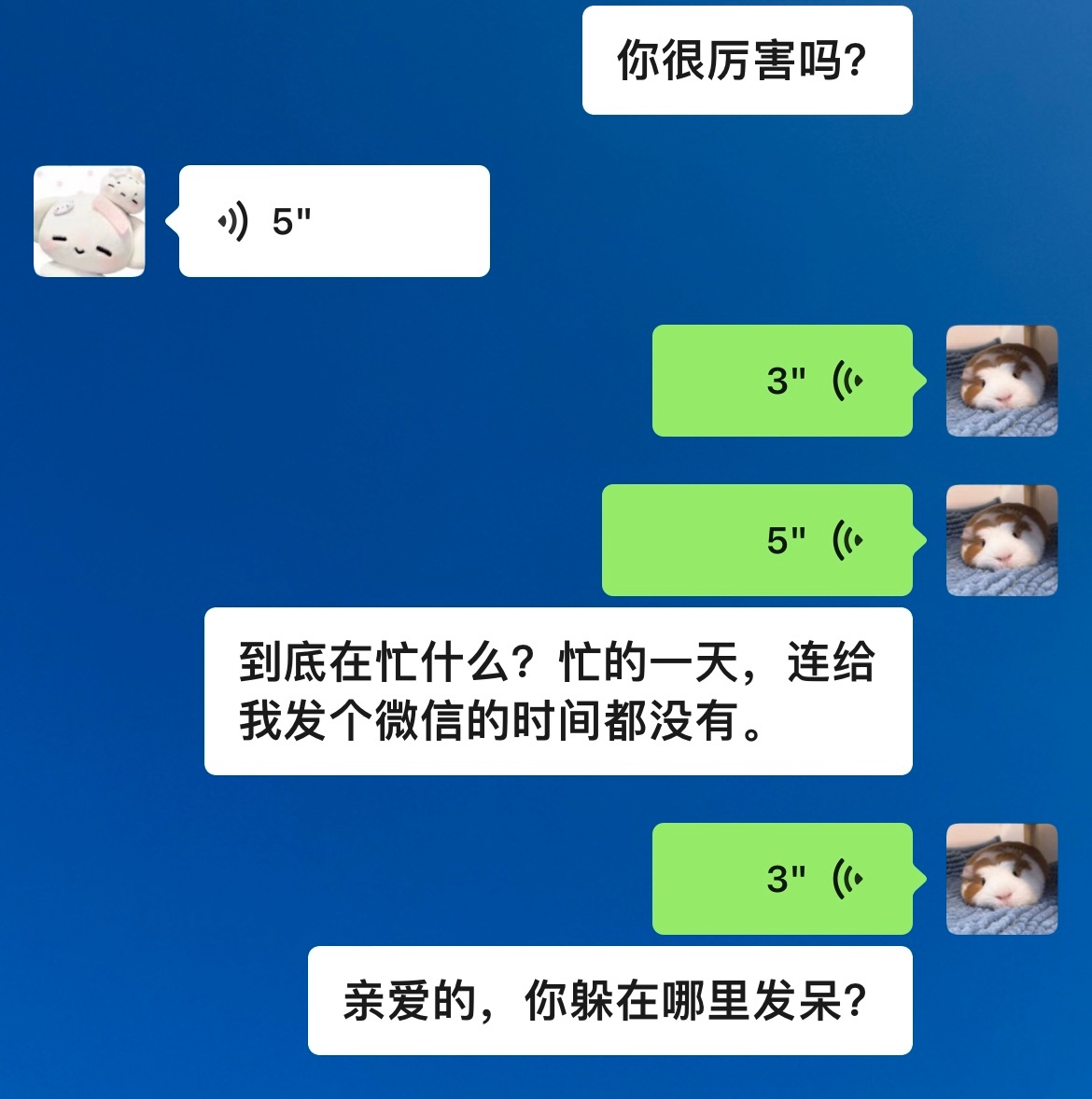 闹够了 睡觉 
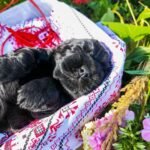 Ameli-female-English-Cocker-Spaniel-puppy-for-sale-4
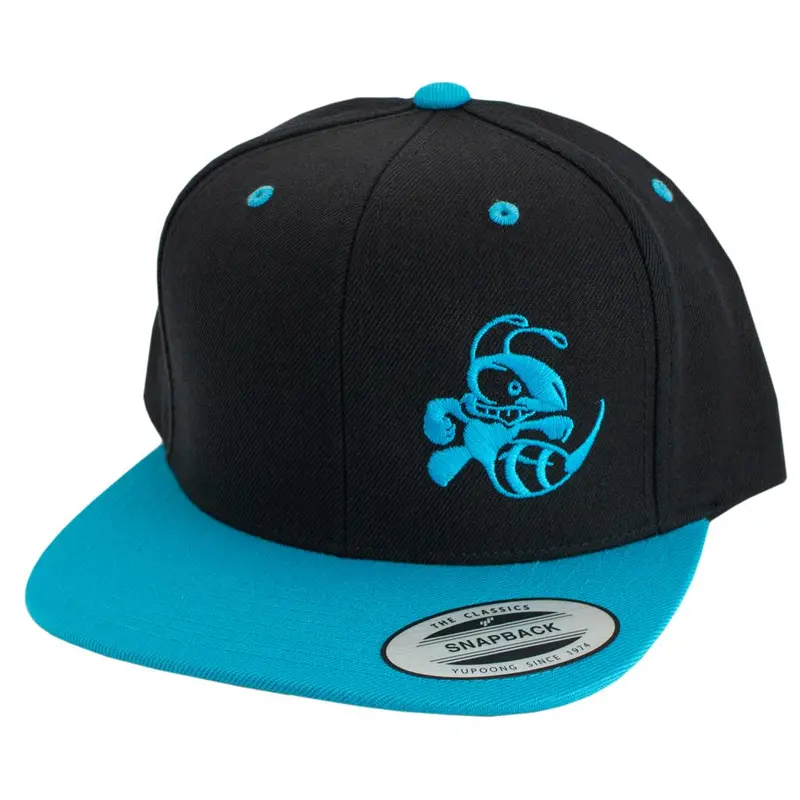 Discraft Two Tone Snapback Hat - Buzzz Design 3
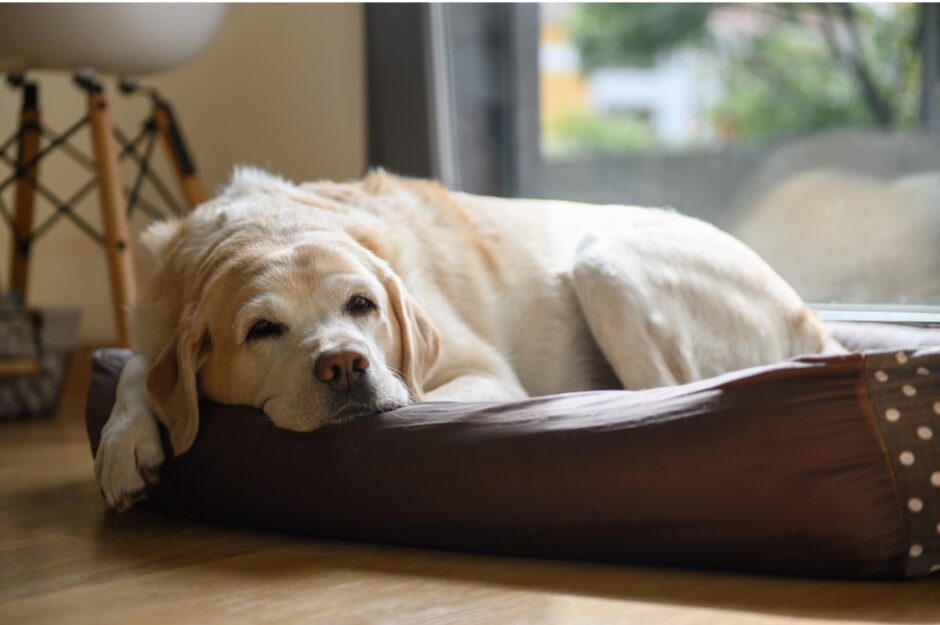 犬が寝すぎてしまう原因は？病気が疑われる場合や犬が安眠できる環境について解説します！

• Work to be completed:
Please repeat everything in the data above except the pictures, exactly as it reads.

• Answer space:
 闹够了 睡觉 
 Ameli-female-English-Cocker-Spaniel-puppy-for-sale-4
 Discraft Two Tone Snapback Hat - Buzzz Design 3
 犬が寝すぎてしまう原因は？病気が疑われる場合や犬が安眠できる環境について解説します！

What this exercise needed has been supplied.